Linda Swenson

Linda Swenson

35 years of extensive financial and operational experience including financial/operational audit with Laventhol & Horwath, CPA, and founder/principal of Equity Alliance Group, an SEC Broker Dealer.

Redondo Beach, California, United States
Member since January 16, 2012
  • About
Investor interests
Type of investor Early stage VC
Typical investment size $25,000 - $50,000
Typical investments in a year 4
Categories of interest
Credentials None

I am a(n):


If you're an entrepreneur or corporate innovator, why?

I want to change the world.

My favorite startups:

Dropbox, Mail Chimp, Square, BeachMint, JNSQ

What's most frustrating and rewarding about entrepreneurship/innovation?

Frustration – After taking the chance to act on you inspiration and then working both hard and smart for long hours month after month, or even years, people contribute your success to statements like “you were lucky” or “you were in the right time at the right place”.

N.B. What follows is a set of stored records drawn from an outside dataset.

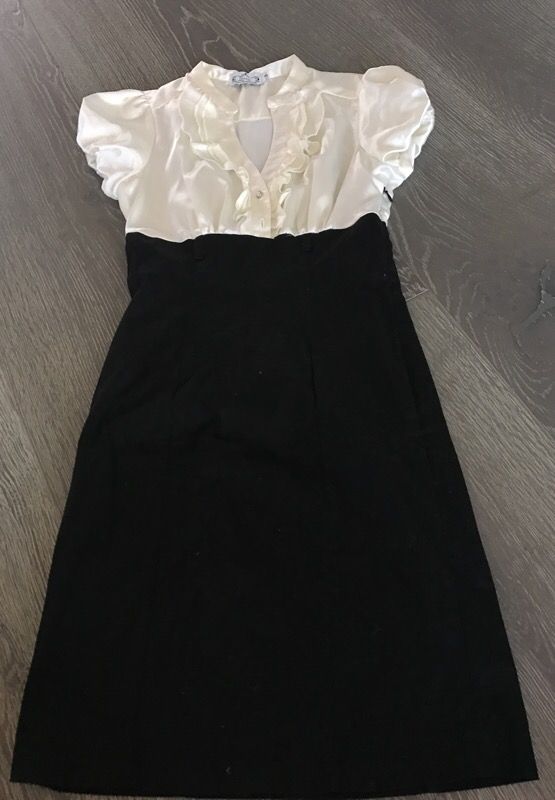 Women's dress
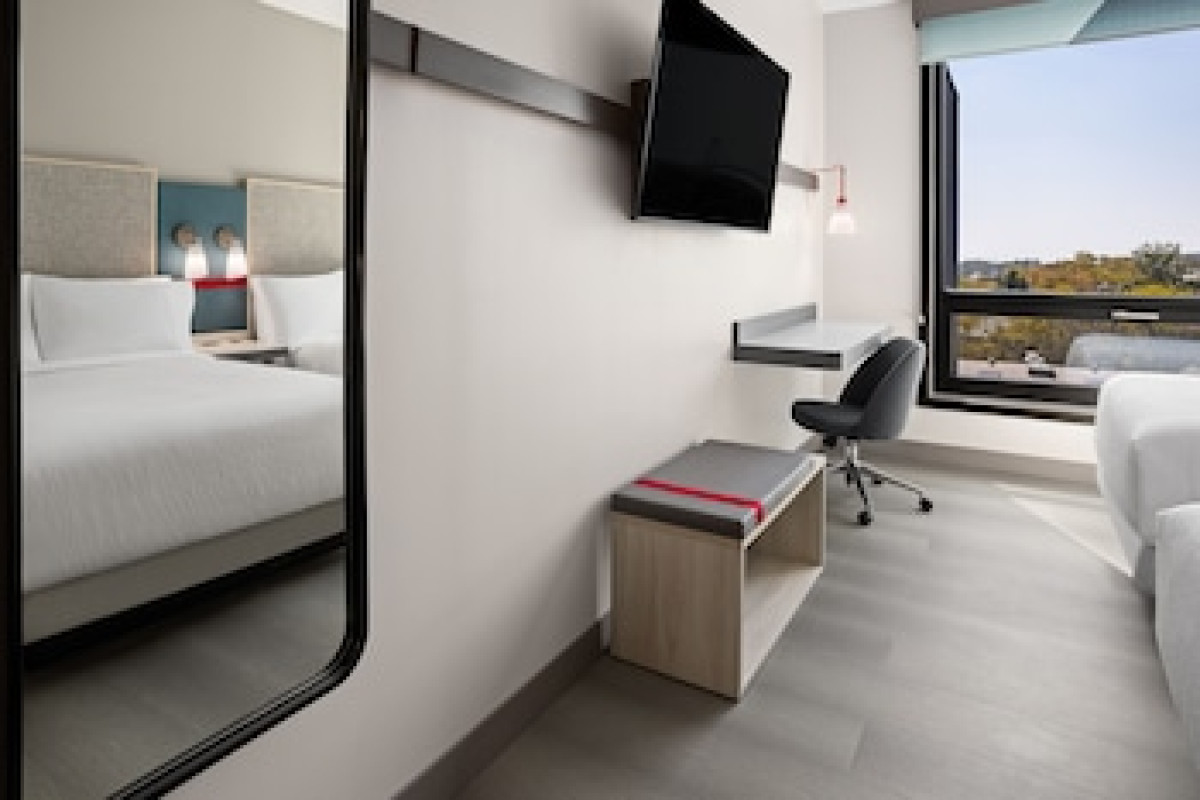 AVID HOTELS BROOKLYN DYKER HEIGHTS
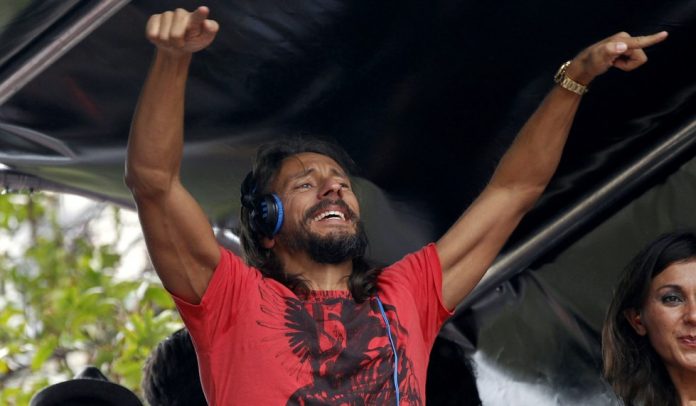 Bob-Sinclar Bacardi Summer Wave 2015 Isola d'Elba: programma e ospiti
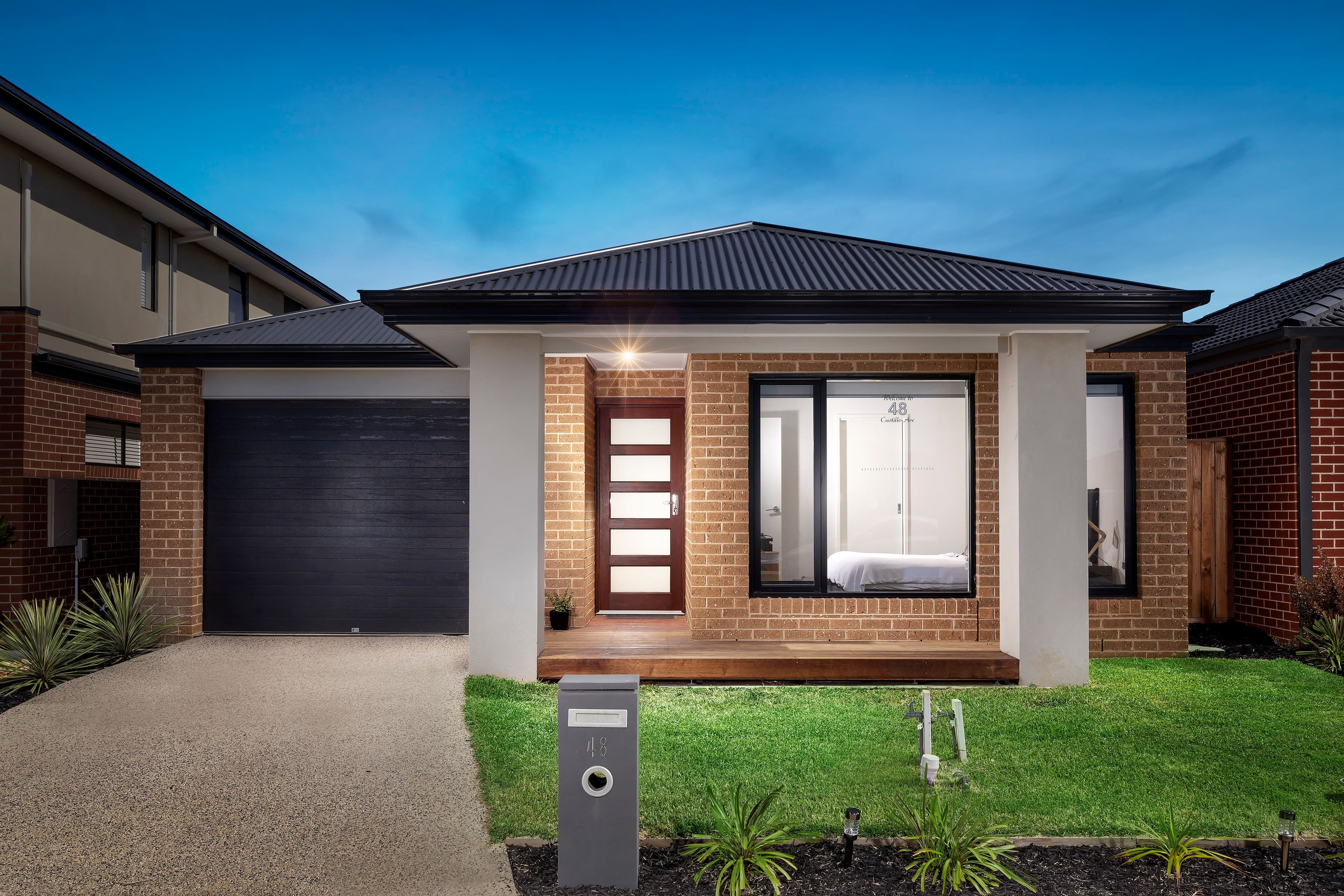 48 Castillo Avenue, Clyde North VIC 3978, Clyde North - Image 1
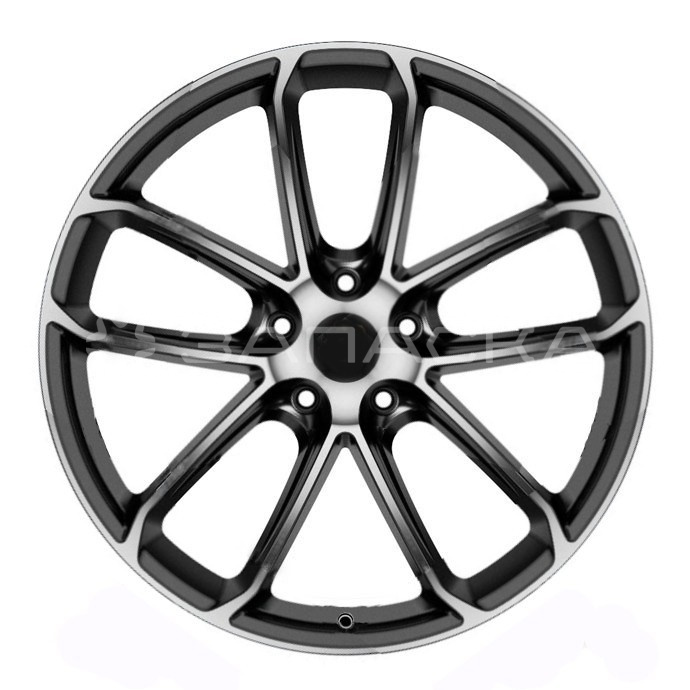 20 FF 851 8,5*20 5*112 ET35 D66.6 BMF 851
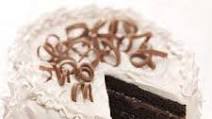 Elegant Chocolate Torte Elegant Chocolate Torte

Rewarding – The satisfaction of giving birth to an idea, concept or business and watching it mature and become successful and then watching that success provide a better life for your employees.

What's the No. 1 mistake entrepreneurs/innovators make?

Allowing the peripheral tasks of running a business such as employee issues, insurance and even simple basics like choosing or maintaining a copier to draw your focus away from your original concept of “if I do this, this will happen and when this happens the business will be successful and I will make money”. Unfortunately your energy goes where your focus is. To be successful you must keep your energy focused on the implementation of your basic business concept.

What are the top three lessons you've learned as an entrepreneur?

1. The myth that your time is your own. The proverbial buck stops with the entrepreneur. When your employees and associates are spending quality time with their families, the entrepreneur must put in the extra hours, whether planned or not, to insure that all that should, or at least can be done, is done.

2. Your business is actually two businesses. Besides the business of your business, there is the business of your employees. Besides recruiting, dealing with benefits and so forth, employees are people with all the strengths, weaknesses, and personal distractions that can affect their ability to be accountable and professional at their job duties day in and day out.

3. Start with a business plan and stay focused on its implementation. A business plan is critical. It doesn’t have to be worthy of an award, but even if you’re the only one that will look at it you have to have it. Nobody goes into business to not succeed. A new business starts with an idea that if I do this and this, I will make money. Once you start your business too many things can distract you away from the basic concept of how you were going to make money, which is the measure of whether your business is successful or not. Your business plan serves as the road map. Pull it out at least once a month and review it to see how far you have strayed or how much of your focus is not on the implementation of your business concept. Stay focused on what it is that will make you profitable.